Warning: This website will be hazardous to your preconceptions.
Founded in 1999, the Center for the Study of Tobacco and Society holds the largest collection of original documents, artifacts, ephemera, photographs, and news coverage of anti-smoking activism, cigarette marketing, and the tobacco industry in the United States from the 19th century to the present. Through online exhibitions, oral histories, and presentations, this vast and ironic resource explores historical and contemporary aspects of tobacco problems from all angles — including the many decades of fear and foot-dragging by public health officials, organized medicine, schools of medicine and public health, the mass media, the business community, and political leaders at the local, state, and federal levels in countering the use and promotion of cigarettes long after the health community knew of the deadly toll taken by smoking.

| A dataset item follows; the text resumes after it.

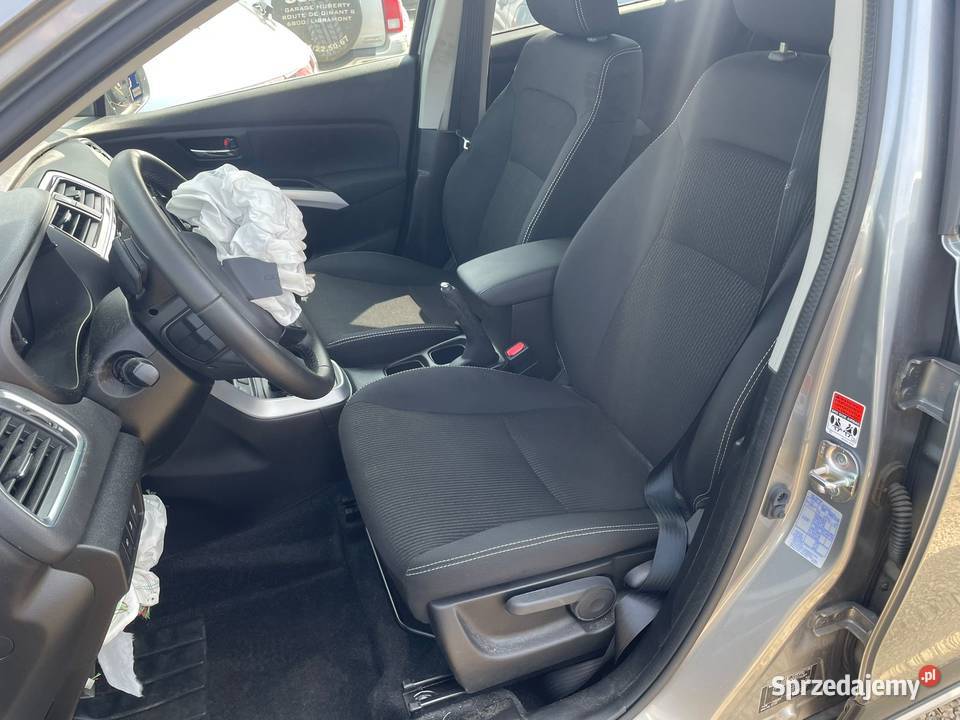 SUZUKI SX4 10i SCross 112 ER717 uszkodzony Wrocław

The Center’s exhibitions provide sobering lessons about the failure of government, academia, foundations, and health organizations alike to overcome their addiction to money for endless, duplicative research — a strategy set in motion in 1954 by the tobacco industry itself, when it attempted to burnish its nicotine-stained image by creating the Tobacco Industry Research Committee [renamed the Council for Tobacco Research in 1964 following the indictment of cigarettes by the Surgeon General’s Report on Smoking and Health], which offered lucrative employment opportunities for scientists willing cast doubt on the growing evidence of cigarette smoking as a major cause of death and disease. Nor have cigarette makers skipped a beat, reframing themselves as altruists providing a range of noncombustible addictive nicotine products and hiring academics and former officials of the World Health Organization, the Food and Drug Administration, and the American Legacy Foundation to tout a smoke-free, reduced-harm paradise. The tobacco debacle can also be seen as an ominous metaphor for addressing emerging health problems such as digital media addiction, obesity, vaccination refusal, and disinformation.